**EXERCISE DIRECTIONS**
Please set down only the lines below starting with the line with "MOJO Lioness Wildlife" and going on through the line with "Size Matters", verbatim and without pictures.

**EXTRACTED DATA**
- - -
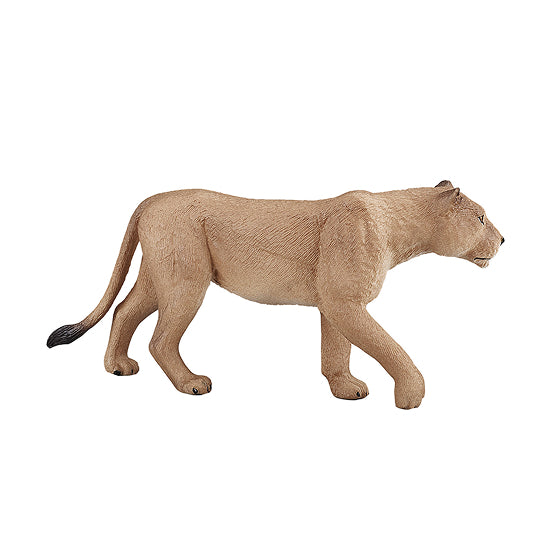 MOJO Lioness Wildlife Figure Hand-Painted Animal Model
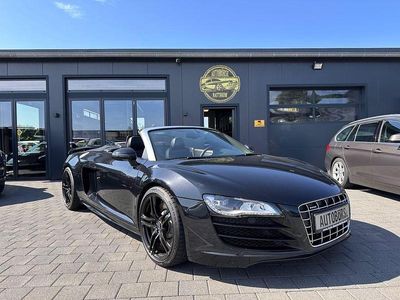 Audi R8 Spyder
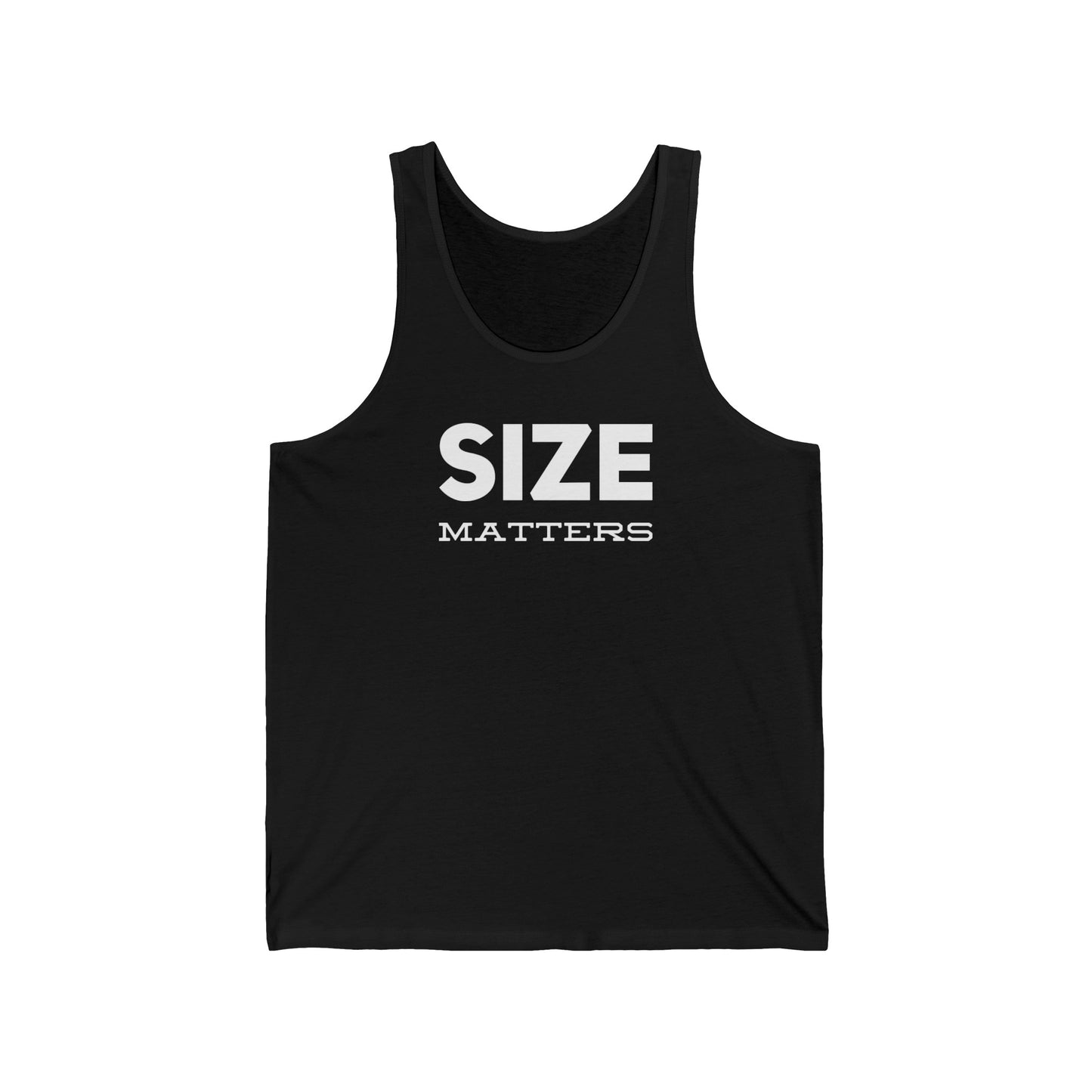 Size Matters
- - -
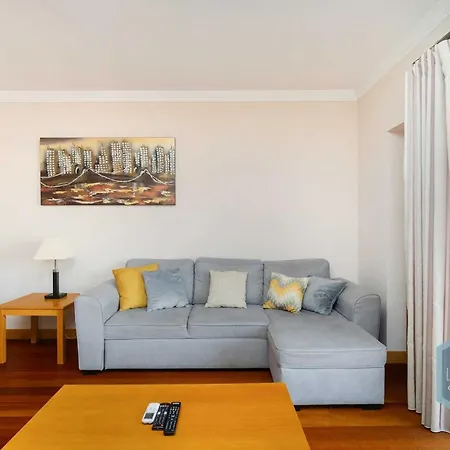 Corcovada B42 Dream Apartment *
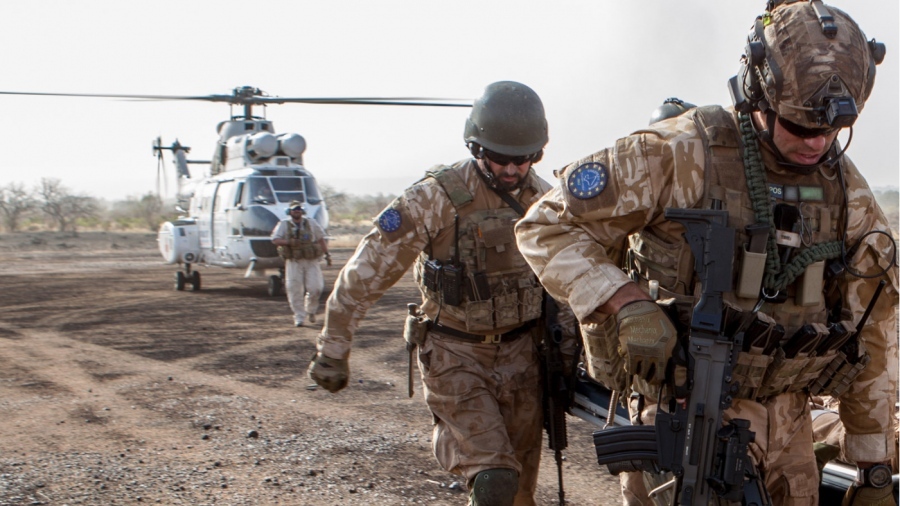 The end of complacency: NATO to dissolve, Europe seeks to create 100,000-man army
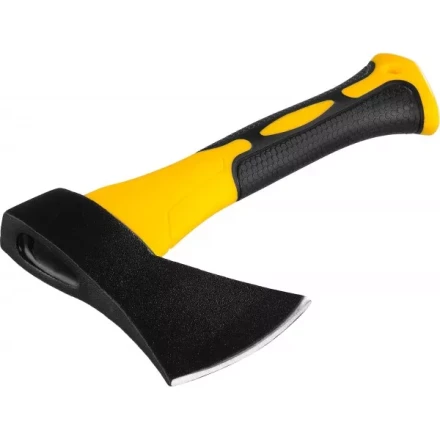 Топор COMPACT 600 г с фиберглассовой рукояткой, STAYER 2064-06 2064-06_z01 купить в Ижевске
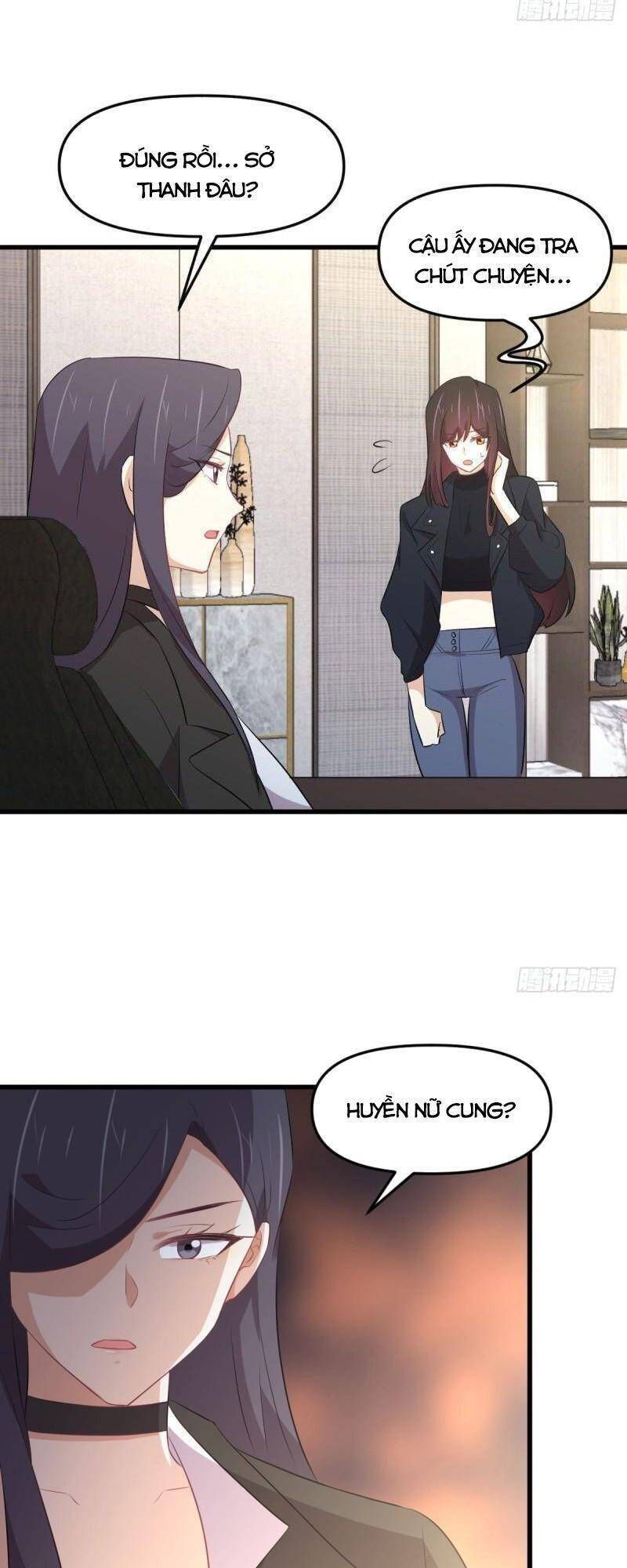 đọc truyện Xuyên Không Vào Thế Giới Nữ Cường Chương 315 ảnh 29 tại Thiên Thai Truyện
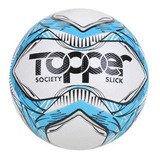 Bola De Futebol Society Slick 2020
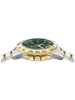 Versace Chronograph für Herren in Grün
- - -
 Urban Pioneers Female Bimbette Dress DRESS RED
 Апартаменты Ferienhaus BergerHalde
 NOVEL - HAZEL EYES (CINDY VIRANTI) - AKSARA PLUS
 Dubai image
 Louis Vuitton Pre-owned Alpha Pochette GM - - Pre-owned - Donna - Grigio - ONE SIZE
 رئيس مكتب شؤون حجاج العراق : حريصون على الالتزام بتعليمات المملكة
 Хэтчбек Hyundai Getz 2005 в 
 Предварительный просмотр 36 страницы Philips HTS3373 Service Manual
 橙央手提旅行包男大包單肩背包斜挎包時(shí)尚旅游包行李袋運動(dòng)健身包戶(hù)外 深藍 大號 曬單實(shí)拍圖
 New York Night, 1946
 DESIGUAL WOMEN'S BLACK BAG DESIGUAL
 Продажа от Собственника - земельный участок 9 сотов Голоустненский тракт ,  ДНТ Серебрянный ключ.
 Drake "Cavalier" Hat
- - -
**ANSWER BELOW**
 MOJO Lioness Wildlife Figure Hand-Painted Animal Model
 Audi R8 Spyder
 Size Matters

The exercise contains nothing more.